### TASK DETAILS
Every line from the first record below down to the line that includes "I like the Indian" must be reproduced exactly; the pictures are not.

[Collection entries]
--------

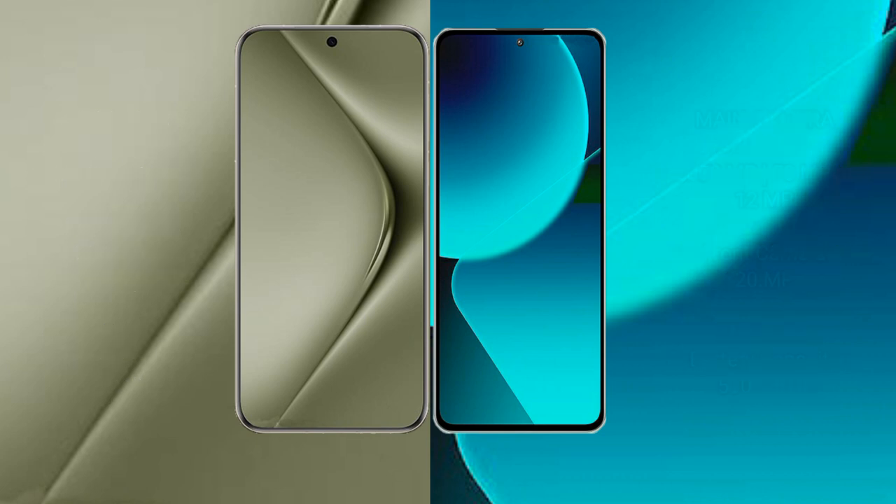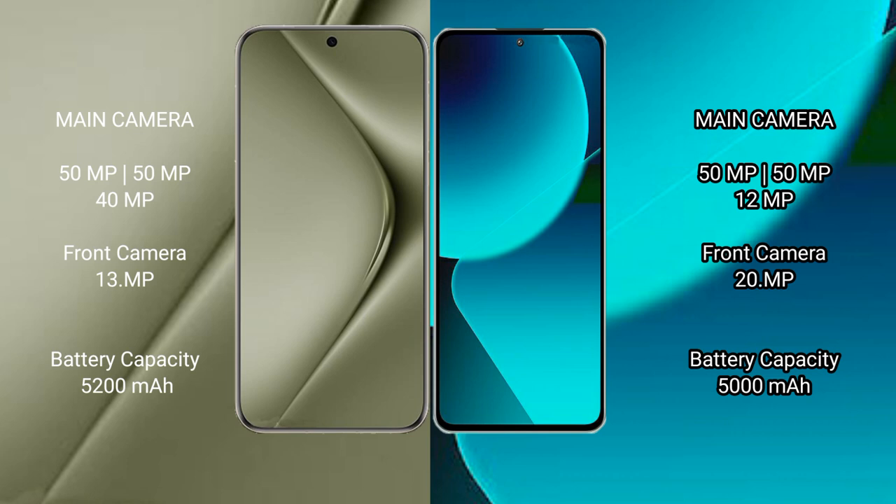The Huawei Pura 70 Ultra features a triple rear camera setup: 50MPx, 40MPx, and 13MPx. The Xiaomi 13T also features a triple rear camera setup: 50MPx, 12MPx, and 20MPx front camera.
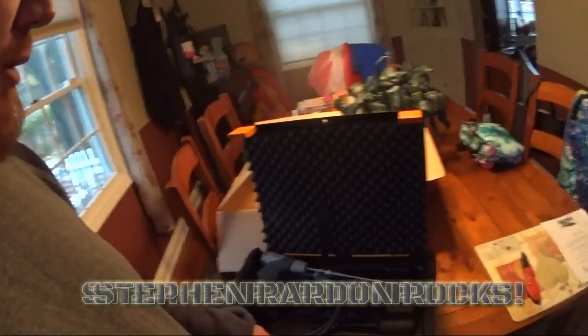I would like to give a huge thanks to Mr. Steven Raritan for getting Testo to hook me up with a 320, which I've been dying to get. I don't know what I've done to deserve this, and the friends that I've made on YouTube — everybody's been great, it's been an honor to get to talk to everybody. So thank you, Mr. Raritan, and I am looking forward to putting this thing to use.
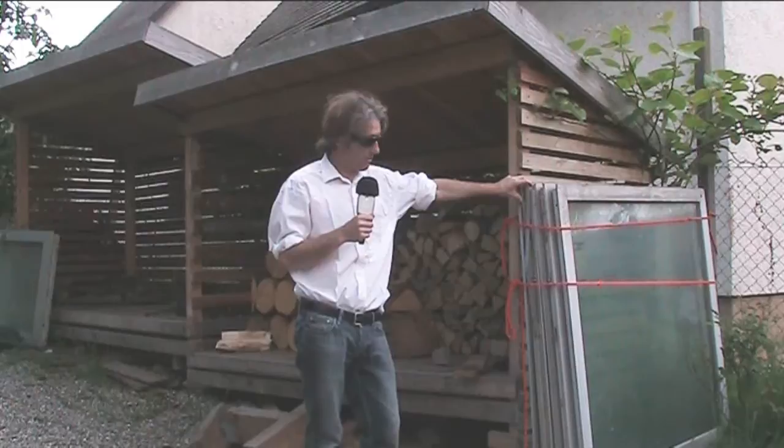So we'll leave it there for now. Next video we'll be doing the foundation. Have a nice day, and that's it from 'Building a Greenhouse for Nothing'.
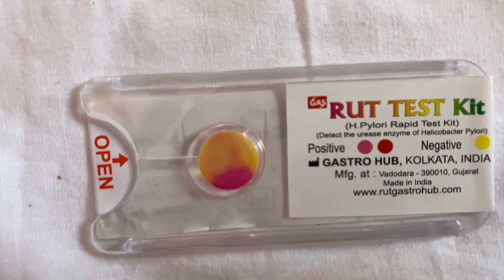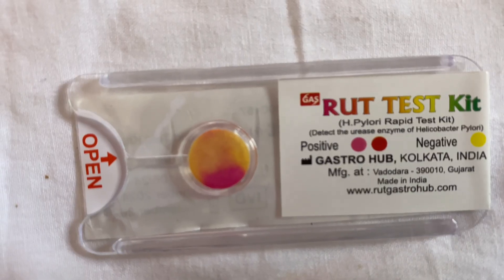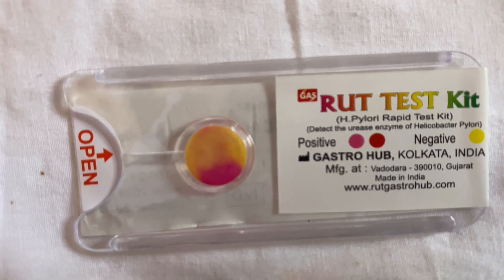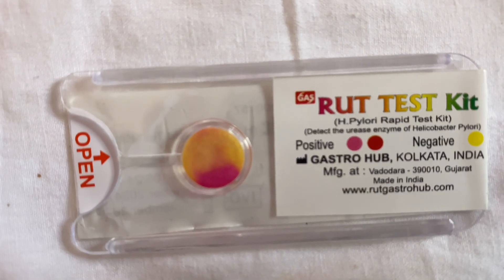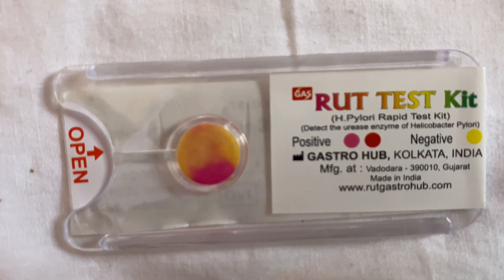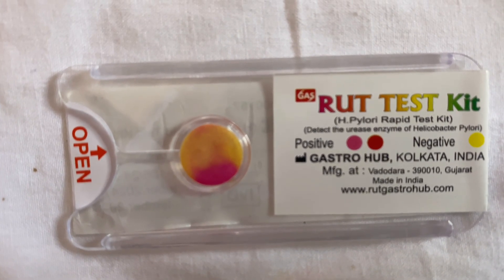This RUT kit contains urea as the substrate and a pH indicator which turns to phenol red if the sample has alkaline media, as well as a buffer or gel media to stabilize the reaction. So this kit has urea within it along with the pH indicator.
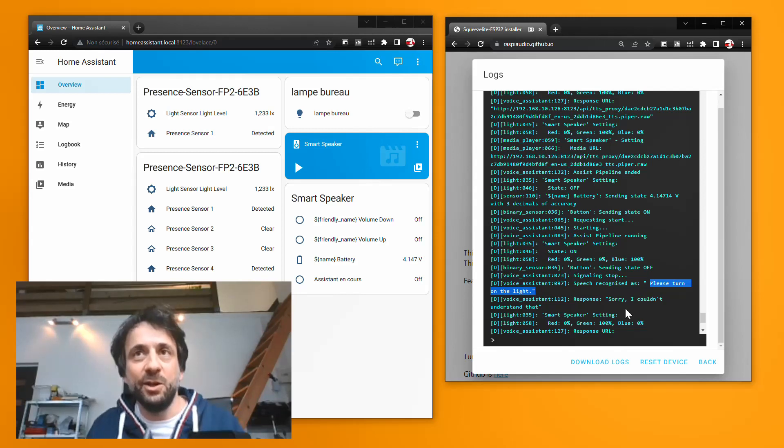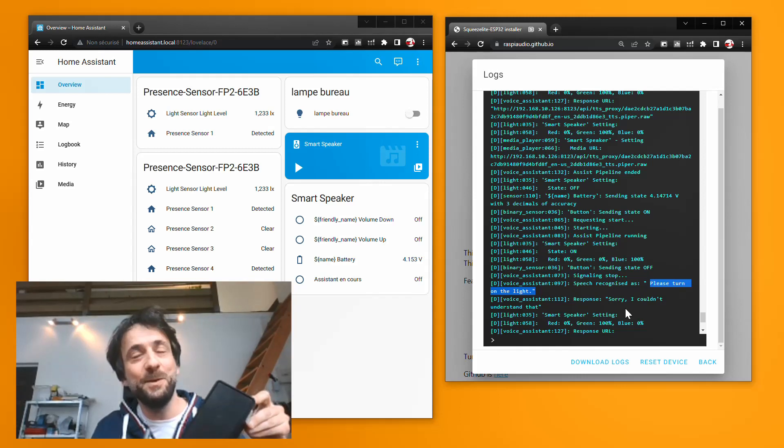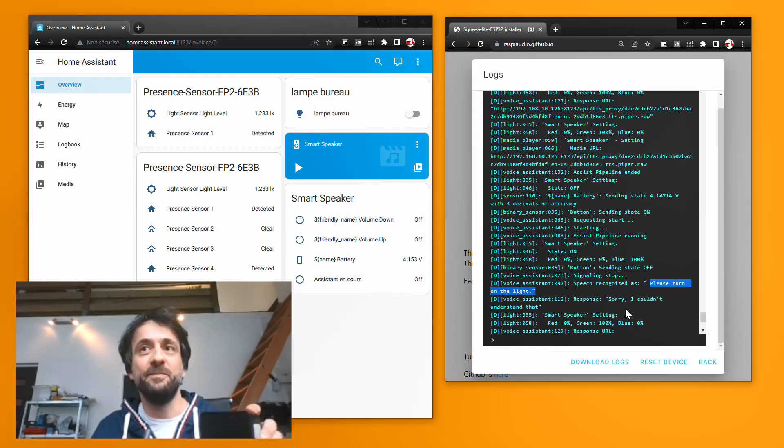So the microphone is working. We don't have the answer back using text-to-speech — this is just demonstrating that speech-to-text is working, but nothing else. It also proves that the ESP Muse Lux is able to pick up a voice command. Thank you.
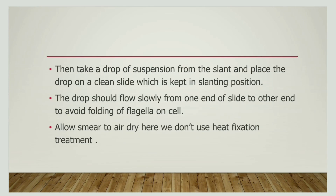After the suspension is ready, we have to take a drop of the suspension from the slant and put it on a clean slide. The clean slide must be held in a slanting position so that the drop moves slowly from one end to the other. This is done so that the flagella does not fold. Allow it to air dry.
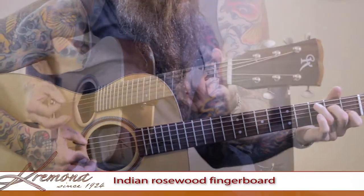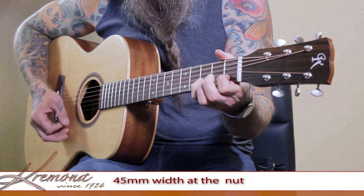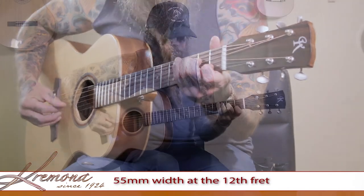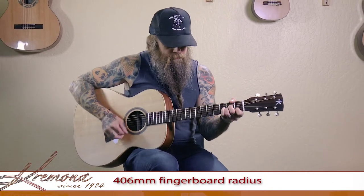I like the Indian Rosewood fingerboard. It's got a 45mm width at the nut, 55mm width at the 12th fret, and a fingerboard radius of 406mm.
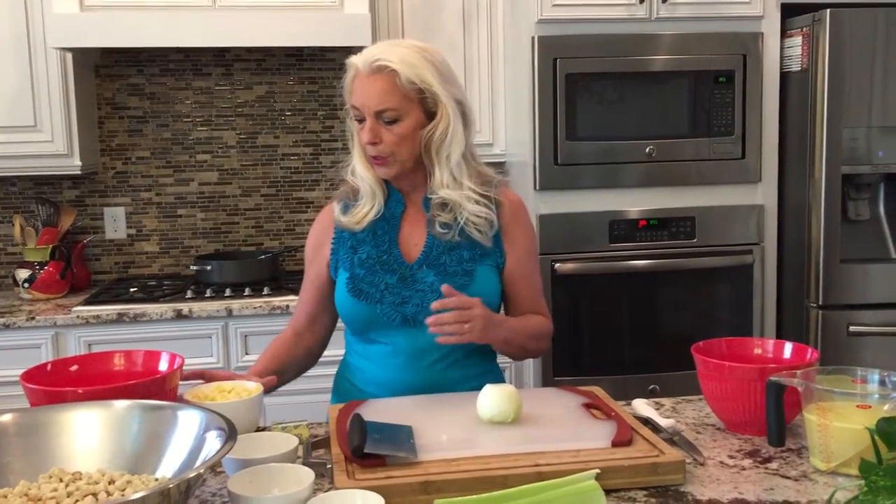Next, what we're going to do is do a little bit of the prep work. I've already got the two golden delicious apples cored, peeled and chopped and ready to go, so we don't have to worry about that.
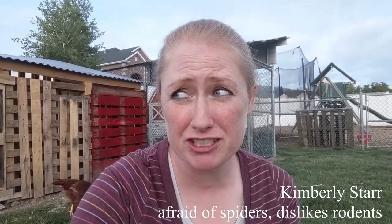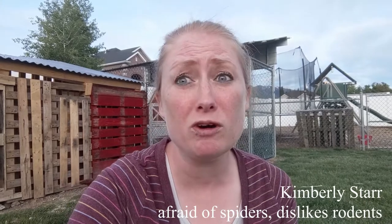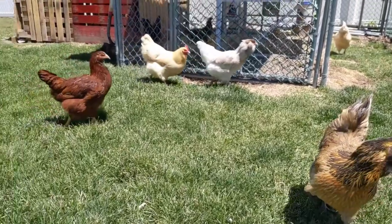Have you ever looked at those really fancy expensive chicken feeding systems and wondered: do they really work in real life, and are they worth the high price tag? Well, let's take a look at them.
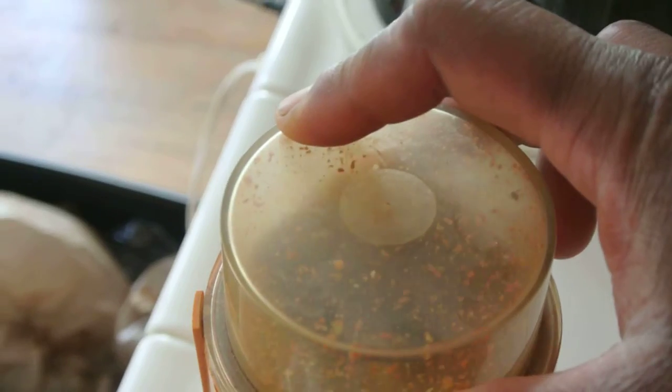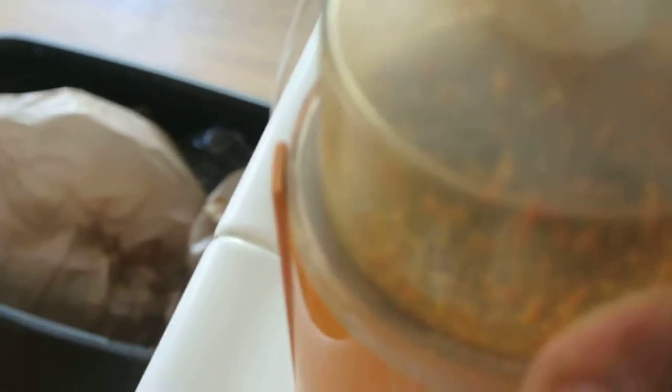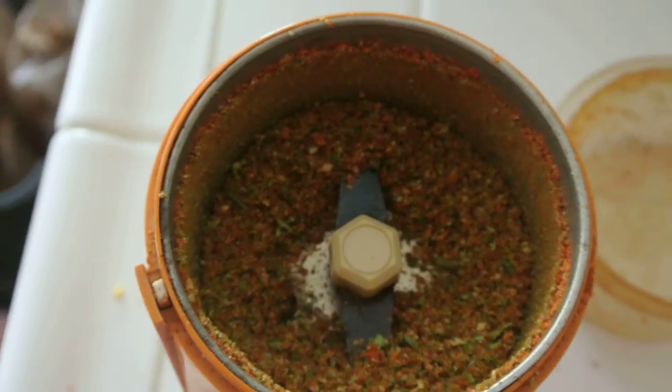So what do we do? Drop the vegetables in, take the lid. You see it moving, you see it spinning. Boom. You're done. What do you got? Fresh ground pepper. Taste.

--------

### WRITTEN SOLUTION
The Huawei Pura 70 Ultra features a triple rear camera setup: 50MPx, 40MPx, and 13MPx. The Xiaomi 13T also features a triple rear camera setup: 50MPx, 12MPx, and 20MPx front camera.
I would like to give a huge thanks to Mr. Steven Raritan for getting Testo to hook me up with a 320, which I've been dying to get. I don't know what I've done to deserve this, and the friends that I've made on YouTube — everybody's been great, it's been an honor to get to talk to everybody. So thank you, Mr. Raritan, and I am looking forward to putting this thing to use.
So we'll leave it there for now. Next video we'll be doing the foundation. Have a nice day, and that's it from 'Building a Greenhouse for Nothing'.
This RUT kit contains urea as the substrate and a pH indicator which turns to phenol red if the sample has alkaline media, as well as a buffer or gel media to stabilize the reaction. So this kit has urea within it along with the pH indicator.
So the microphone is working. We don't have the answer back using text-to-speech — this is just demonstrating that speech-to-text is working, but nothing else. It also proves that the ESP Muse Lux is able to pick up a voice command. Thank you.
After the suspension is ready, we have to take a drop of the suspension from the slant and put it on a clean slide. The clean slide must be held in a slanting position so that the drop moves slowly from one end to the other. This is done so that the flagella does not fold. Allow it to air dry.
I like the Indian Rosewood fingerboard. It's got a 45mm width at the nut, 55mm width at the 12th fret, and a fingerboard radius of 406mm.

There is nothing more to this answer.